Mengapa Harga Jual Harley-Davidson di Indonesia Selangit?

Advertisement

JAKARTA, KOMPAS.com – Harga sepeda motor Harley-Davidson di Indonesia memang terbilang fantastis, bahkan kerap kali membuat publik bertanya-tanya mengapa banderolnya bisa begitu tinggi jika dibandingkan dengan harga di negara lain. Dibalik tingginya harga tersebut, terdapat struktur perpajakan yang menjadi penentu utama lonjakan harga motor asal Amerika Serikat ini.

Operations Director JLM Auto Indonesia, Irvino Edwardly, menjelaskan bahwa komponen pajak memiliki kontribusi terbesar dalam pembentukan harga jual Harley-Davidson di Tanah Air. “Untuk komponen pajaknya sendiri ketika masuk Indonesia, walaupun biaya masuknya enggak ada, pajak barang mewahnya lebih tinggi daripada biaya masuk. PPNBM untuk motor di atas 500 cc itu 95 persen,” ujar Irvino di Jakarta, Selasa (20/4/2026).

Angka tersebut, menurut Irvino, membuat harga motor menjadi berlipat ganda. “Luxury tax-nya saja sudah membuat motornya sudah hampir dobel. Karena 95 persen pajak barang mewahnya masuk kepada semua motor di atas 500 cc,” tambahnya.

Tingginya tarif Pajak Penjualan atas Barang Mewah (PPnBM) ini secara signifikan menaikkan harga Harley-Davidson di Indonesia, bahkan bisa lebih dari dua kali lipat dibandingkan harga di pasar internasional. Perbedaan ini semakin terasa jika dibandingkan dengan Thailand, negara yang menjadi basis produksi untuk beberapa model Harley-Davidson yang dipasarkan di Indonesia. Di Negeri Gajah Putih, motor dengan spesifikasi serupa umumnya dijual dengan harga yang jauh lebih terjangkau, bahkan bisa mencapai separuh dari harga di Indonesia.

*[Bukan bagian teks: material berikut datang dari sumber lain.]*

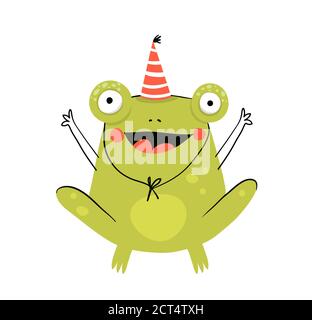 Little amusing and funny cheerful Frog character congratulation wearing party hat doodle cartoon design. Stock Vector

“Jadi itu belum ada PPH, belum ada PPN. Jadi itu semua yang mengakumulasi harganya yang lebih dari dobel dari harga di luar,” jelas Irvino.

Advertisement

Rentang Harga dan Proses Administrasi

Di pasar Indonesia, model entry-level seperti Harley-Davidson Sportster S dan Harley-Davidson Nightster dibanderol mulai dari Rp 400 jutaan hingga Rp 600 jutaan. Sementara itu, untuk lini touring yang lebih premium, seperti Harley-Davidson Road Glide dan Harley-Davidson Street Glide, harganya bisa meroket hingga mencapai Rp 1,2 miliar hingga Rp 1,3 miliar.

Selain beban pajak yang berat, proses administrasi untuk kepemilikan Harley-Davidson di Indonesia juga turut memengaruhi pengalaman konsumen. Untuk unit yang sudah pernah terhomologasi sebelumnya, pengurusan dokumen kendaraan biasanya memakan waktu antara 1 hingga 3 bulan. Namun, untuk model-model baru yang belum pernah masuk ke Indonesia, proses perizinan dan sertifikasi dapat berlangsung lebih lama, yaitu hingga 3 hingga 6 bulan.